Nigeria’s chief justice, Ibrahim Tanko Muhammad, has resigned from his position, according to local media reports and his spokesperson. Muhammad has been the country’s top judge for three years but has served at the Supreme Court since 2005, cited health reasons as being behind his decision to retire.
In 2019, President Muhammadu Buhari appointed Muhammad as acting chief justice after controversially suspending his predecessor Justice Walter Onnoghen, just weeks ahead of an election in which the judiciary usually plays an important role.
Muhammad’s resignation comes barely weeks after a rare complaint by 14 of Nigeria’s 16 Supreme Court justices over a number of welfare and logistical issues. The leaked memo contained complaints of poor welfare and lack of transparency in the management of the court’s resources, and that was unprecedented and highly damaging.
Following the memo, stakeholders, including the Nigerian Bar Association (NBA) waded in and urged Justice Muhammad to be accountable and transparent in the management of the judiciary’s funds.

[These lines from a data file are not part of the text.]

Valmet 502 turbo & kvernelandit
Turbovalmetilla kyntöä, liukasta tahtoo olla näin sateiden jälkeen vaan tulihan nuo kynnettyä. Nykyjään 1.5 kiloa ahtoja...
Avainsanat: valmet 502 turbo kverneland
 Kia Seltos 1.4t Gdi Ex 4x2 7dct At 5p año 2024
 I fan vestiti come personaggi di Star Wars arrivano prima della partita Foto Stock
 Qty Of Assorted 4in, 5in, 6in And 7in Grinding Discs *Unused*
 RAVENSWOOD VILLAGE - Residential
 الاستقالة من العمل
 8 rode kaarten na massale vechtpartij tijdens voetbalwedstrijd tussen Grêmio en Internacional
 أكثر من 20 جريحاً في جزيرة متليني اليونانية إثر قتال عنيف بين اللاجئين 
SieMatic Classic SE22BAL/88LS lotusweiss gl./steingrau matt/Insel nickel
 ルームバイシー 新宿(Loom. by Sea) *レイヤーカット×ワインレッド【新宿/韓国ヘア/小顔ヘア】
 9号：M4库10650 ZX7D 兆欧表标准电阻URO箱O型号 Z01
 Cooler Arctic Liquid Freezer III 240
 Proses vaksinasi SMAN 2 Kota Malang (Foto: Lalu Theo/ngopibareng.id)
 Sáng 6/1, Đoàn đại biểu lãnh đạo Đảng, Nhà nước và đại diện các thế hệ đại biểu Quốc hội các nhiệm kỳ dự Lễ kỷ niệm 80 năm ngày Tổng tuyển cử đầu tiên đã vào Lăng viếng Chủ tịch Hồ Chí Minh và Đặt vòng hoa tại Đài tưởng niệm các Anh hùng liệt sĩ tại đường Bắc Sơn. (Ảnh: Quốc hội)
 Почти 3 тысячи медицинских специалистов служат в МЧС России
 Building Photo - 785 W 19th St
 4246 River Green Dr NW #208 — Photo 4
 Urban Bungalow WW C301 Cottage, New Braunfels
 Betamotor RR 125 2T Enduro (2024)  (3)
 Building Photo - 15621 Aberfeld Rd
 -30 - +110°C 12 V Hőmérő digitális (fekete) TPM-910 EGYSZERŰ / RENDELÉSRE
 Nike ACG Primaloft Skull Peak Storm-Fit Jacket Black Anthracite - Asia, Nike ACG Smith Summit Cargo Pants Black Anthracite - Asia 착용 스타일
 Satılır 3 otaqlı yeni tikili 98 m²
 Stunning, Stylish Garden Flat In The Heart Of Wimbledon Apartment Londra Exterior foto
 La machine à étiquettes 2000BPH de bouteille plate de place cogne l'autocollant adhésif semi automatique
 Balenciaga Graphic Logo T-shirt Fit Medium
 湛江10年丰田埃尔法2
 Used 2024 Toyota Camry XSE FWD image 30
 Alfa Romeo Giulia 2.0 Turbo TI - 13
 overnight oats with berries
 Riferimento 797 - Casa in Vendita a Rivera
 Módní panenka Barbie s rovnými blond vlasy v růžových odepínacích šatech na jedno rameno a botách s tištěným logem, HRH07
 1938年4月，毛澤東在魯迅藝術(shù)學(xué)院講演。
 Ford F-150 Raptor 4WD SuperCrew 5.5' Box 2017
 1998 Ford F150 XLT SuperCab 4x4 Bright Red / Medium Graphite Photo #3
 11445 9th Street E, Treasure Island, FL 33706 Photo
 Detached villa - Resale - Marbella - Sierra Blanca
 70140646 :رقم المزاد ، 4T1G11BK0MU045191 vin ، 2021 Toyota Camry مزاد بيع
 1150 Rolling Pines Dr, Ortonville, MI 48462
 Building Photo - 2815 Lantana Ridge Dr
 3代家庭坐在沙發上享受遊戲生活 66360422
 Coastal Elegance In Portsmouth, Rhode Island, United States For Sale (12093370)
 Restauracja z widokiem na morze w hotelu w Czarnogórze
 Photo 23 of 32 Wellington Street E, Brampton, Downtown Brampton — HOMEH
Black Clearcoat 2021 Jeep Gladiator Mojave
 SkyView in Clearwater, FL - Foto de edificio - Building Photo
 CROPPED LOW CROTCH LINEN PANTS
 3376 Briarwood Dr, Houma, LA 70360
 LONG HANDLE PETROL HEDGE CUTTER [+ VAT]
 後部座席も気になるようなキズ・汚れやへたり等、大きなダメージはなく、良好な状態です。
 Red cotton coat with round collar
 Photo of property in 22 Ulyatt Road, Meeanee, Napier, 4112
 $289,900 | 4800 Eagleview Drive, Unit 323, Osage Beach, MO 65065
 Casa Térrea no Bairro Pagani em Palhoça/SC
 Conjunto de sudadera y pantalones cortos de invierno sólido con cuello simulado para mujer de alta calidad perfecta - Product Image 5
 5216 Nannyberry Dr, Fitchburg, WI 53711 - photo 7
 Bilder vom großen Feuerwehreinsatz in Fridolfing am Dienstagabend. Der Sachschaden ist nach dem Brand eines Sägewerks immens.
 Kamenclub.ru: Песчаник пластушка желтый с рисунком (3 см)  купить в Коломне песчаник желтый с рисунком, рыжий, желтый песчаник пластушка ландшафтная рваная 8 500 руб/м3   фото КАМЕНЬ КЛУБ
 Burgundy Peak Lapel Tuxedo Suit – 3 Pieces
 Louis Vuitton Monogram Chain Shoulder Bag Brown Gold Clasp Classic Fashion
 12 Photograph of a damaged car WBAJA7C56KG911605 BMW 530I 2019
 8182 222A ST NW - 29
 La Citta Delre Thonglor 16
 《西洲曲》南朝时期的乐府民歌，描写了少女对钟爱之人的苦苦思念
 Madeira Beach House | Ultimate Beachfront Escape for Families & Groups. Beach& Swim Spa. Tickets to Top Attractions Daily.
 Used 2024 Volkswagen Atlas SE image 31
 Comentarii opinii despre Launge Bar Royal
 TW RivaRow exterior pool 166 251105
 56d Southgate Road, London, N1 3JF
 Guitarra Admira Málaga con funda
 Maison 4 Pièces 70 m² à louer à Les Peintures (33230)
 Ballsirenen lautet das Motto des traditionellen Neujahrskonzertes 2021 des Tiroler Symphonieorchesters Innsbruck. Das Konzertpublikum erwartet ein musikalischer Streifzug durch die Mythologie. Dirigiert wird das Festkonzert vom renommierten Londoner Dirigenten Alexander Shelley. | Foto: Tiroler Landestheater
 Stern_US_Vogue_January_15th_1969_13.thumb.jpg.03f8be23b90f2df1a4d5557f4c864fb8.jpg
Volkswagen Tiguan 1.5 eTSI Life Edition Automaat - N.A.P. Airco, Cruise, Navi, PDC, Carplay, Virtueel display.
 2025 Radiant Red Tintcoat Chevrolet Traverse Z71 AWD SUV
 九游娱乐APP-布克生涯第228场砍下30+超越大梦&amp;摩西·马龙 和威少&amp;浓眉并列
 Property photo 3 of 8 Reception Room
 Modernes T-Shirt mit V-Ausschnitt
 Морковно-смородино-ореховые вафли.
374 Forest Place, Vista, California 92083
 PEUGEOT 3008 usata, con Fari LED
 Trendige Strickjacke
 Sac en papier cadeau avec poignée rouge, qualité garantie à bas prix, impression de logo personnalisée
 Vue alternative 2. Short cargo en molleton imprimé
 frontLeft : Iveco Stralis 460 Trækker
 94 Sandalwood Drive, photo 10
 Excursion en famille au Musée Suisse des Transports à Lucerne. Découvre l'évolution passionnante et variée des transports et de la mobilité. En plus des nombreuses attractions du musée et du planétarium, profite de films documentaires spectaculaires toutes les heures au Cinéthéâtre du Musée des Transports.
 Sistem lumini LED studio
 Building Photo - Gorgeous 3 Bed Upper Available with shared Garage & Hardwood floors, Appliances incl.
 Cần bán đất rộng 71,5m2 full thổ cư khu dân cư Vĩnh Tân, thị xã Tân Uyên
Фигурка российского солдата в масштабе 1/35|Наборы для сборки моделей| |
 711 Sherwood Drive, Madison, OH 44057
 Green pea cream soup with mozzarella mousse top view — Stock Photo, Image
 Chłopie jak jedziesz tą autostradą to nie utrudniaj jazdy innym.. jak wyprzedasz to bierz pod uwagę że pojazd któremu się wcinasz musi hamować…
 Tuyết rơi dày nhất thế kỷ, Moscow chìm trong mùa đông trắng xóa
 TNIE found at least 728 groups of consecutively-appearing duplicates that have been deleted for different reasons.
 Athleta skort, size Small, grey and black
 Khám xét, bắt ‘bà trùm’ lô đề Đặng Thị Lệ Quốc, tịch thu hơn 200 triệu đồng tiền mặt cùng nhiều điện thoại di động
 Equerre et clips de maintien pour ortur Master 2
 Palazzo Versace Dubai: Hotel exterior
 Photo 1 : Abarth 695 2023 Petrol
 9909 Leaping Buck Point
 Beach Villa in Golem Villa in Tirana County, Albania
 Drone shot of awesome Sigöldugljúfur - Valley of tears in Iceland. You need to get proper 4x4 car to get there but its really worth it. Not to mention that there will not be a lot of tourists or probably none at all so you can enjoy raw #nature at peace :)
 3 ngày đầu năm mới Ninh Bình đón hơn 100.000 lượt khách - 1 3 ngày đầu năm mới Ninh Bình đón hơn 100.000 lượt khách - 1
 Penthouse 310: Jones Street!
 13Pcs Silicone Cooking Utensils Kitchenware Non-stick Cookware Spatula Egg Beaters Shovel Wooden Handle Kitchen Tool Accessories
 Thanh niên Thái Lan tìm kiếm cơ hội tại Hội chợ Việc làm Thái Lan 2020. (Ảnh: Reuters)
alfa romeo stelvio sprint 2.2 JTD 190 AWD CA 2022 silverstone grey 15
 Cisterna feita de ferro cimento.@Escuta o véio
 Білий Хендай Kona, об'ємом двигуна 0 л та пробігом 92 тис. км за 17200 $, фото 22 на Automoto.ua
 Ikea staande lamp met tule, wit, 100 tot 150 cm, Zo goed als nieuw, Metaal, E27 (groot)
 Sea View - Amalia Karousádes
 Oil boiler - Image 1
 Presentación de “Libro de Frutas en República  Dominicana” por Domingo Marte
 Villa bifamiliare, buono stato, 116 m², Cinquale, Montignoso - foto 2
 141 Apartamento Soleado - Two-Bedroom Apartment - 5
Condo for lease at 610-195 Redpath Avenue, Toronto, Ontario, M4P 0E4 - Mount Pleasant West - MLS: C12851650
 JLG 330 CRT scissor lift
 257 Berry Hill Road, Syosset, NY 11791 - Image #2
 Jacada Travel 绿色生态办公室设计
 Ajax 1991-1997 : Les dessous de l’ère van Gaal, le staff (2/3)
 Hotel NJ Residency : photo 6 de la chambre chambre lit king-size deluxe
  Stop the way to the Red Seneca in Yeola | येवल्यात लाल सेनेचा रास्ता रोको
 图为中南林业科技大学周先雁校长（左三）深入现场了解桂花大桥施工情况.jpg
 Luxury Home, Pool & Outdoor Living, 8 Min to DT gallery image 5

In response, Muhammad said the apex court had “been living [up] to its constitutional responsibility” but “does not exist outside of its environment” and had been affected by the harsh economic realities facing the country, which currently spends nearly 90 percent of its revenue on servicing debt.
Just hours after his resignation, President Muhammadu Buhari has sworn in a new acting chief justice, Justice Olukayode Ariwoola. He was a Justice of the Court of Appeal between 2005 and 2011 after having been elevated from the State High Court of Oyo State.
According to the president, the former chief justice was scheduled to retire from the Supreme Court on the last day of 2023 but “unfortunately, as no man is infallible, ill health has cut short Chief Justice Tanko’s leadership of the Nigerian judiciary at this time.”
“Much as one may wish that the Chief Justice of Nigeria Muhammad Tanko is able to fully serve his term in office, it presupposes that he is able to perform the functions of the office without let, hindrance or any form of disability,” Buhari added.
Speaking after his swearing-in, Ariwoola said he would “comply, abide, and preserve the constitution of Nigeria with the cooperation of my brother justices of the supreme court. We shall not fail Nigeria.”
Ariwoola will steer a Nigerian judiciary that has increasingly been seen as corrupt. He said the issues raised in the leaked memo, to which he was a signatory, are being resolved at the apex court.